Arapongagem também existe para isso, para controlar os movimentos de amigos e para cobrar pedágio, na base do você sabe que eu sei tudo.
É preciso ouvir a opinião de Sergio Moro, agora senador. O ex-juiz criou, como ministro da Justiça de Bolsonaro, a Secretaria de Operações Integradas (Seopi), que combateria o crime organizado. Seria um órgão do sistema de inteligência.
Suspeitou-se depois que a Seopi seria um birô à disposição de Bolsonaro, funcionando como uma espécie de polícia política.
Mas Moro fracassou na missão de proteger a família, tanto que foi demitido e saiu atirando. O ex-juiz deve saber de coisas escabrosas.
Foi a Seopi que criou, em 2020, um dossiê com os nomes de 579 servidores federais e estaduais identificados como militantes antifascistas.
Ninguém nunca mais falou do dossiê, revelado pelo jornalista Rubens Valente na Folha de S. Paulo, em julho de 2020.
A Seopi seria a contribuição de Moro para que Bolsonaro tivesse um esquema só dele, como acréscimo e sombra ao Gabinete de Segurança Institucional.
Moro deixou a Justiça dois meses antes da revelação da existência do dossiê. Sabia do trabalho criminoso dos arapongas da Seopi?
Também nunca foi investigada a relação de Gustavo Arribas, diretor geral da Agência Federal de Inteligência (AFI), a Abin da Argentina, com o bolsonarismo.
Arribas comandou, de 2015 e 2019, os arapongas que perseguiram os kirchneristas e as esquerdas. Está sendo processado.
O argentino frequentava as altas rodas do gangsterismo e do fascismo brasileiros, com o pretexto de que negociava jogadores de futebol.
A Polícia Federal descobriu que ele recebeu US$ 850 mil de propina de mafiosos brasileiros. Fazia lavagem de dinheiro para quadrilhas de empresas de recolhimento de lixo e recebia propina da Odebrecht por obras na Argentina.

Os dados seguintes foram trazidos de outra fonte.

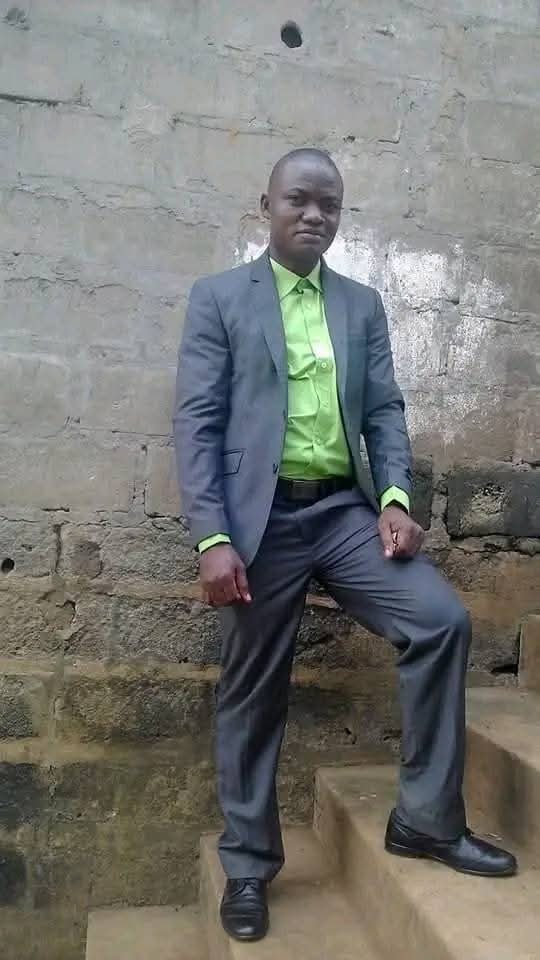 Principal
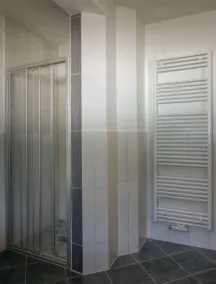 Recém-construído apartamento para 2 a 9 pessoas - Image 3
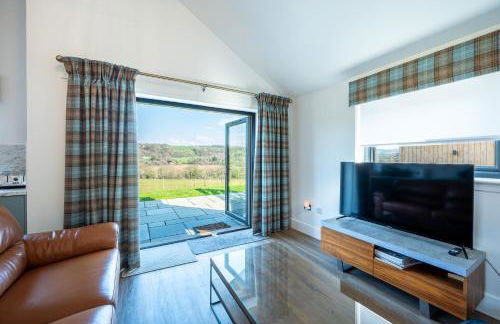 Annabella Cottages - Foto 12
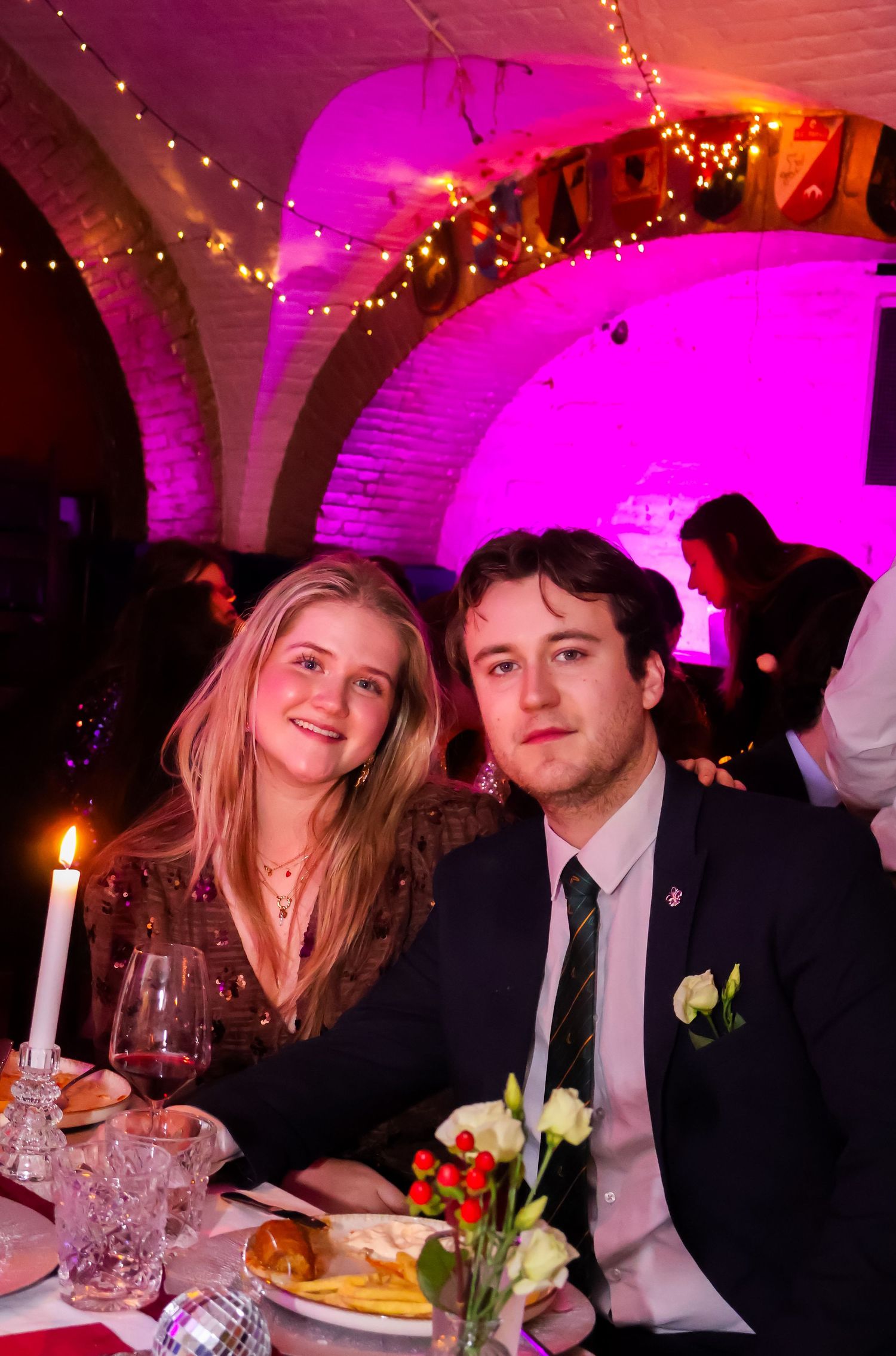 event fotografie
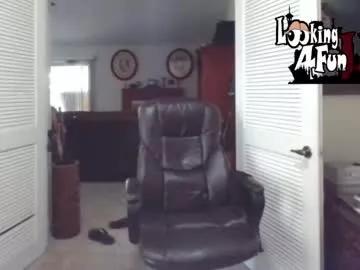 looking4funlv from Chaturbate
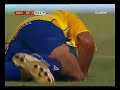 montaje lucas lobos final carranza cadiz-betis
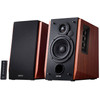 Edifier Studio R1700BT 2.0 PC Speaker (per pair)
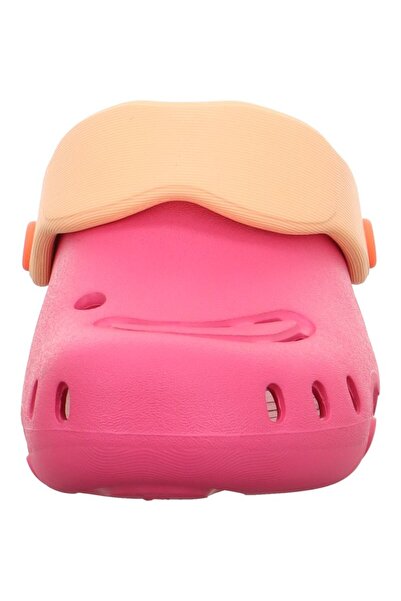 Superfit Splash-C Water Resistant Children's Beach Garden Slippers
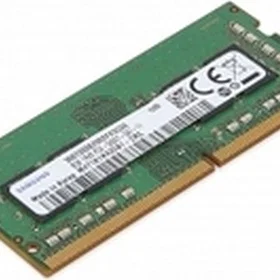 Lenovo DDR4 SO-DIMM 2400MHz 8GB (01AG884)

investigações do Congresso e do Ministério Público argentinos descobriram que os arapongas da AFI tinham contato direto com assessores do gabinete de Macri.
Quem era o Arribas brasileiro, no esquema de arapongagem que usava o robô israelense?
Arribas foi denunciado pelos próprios colegas da AFI, em delações que expuseram a estrutura e o funcionamento da agência a mando da direita macrista.
Não só em nome da transparência, mas também em defesa da preservação do que faz e da própria imagem, a Abin terá que provar que agora é outra.
A Abin terá que abrir os porões usados por Bolsonaro e seus arapongas para perseguir inimigos e extorquir amigos.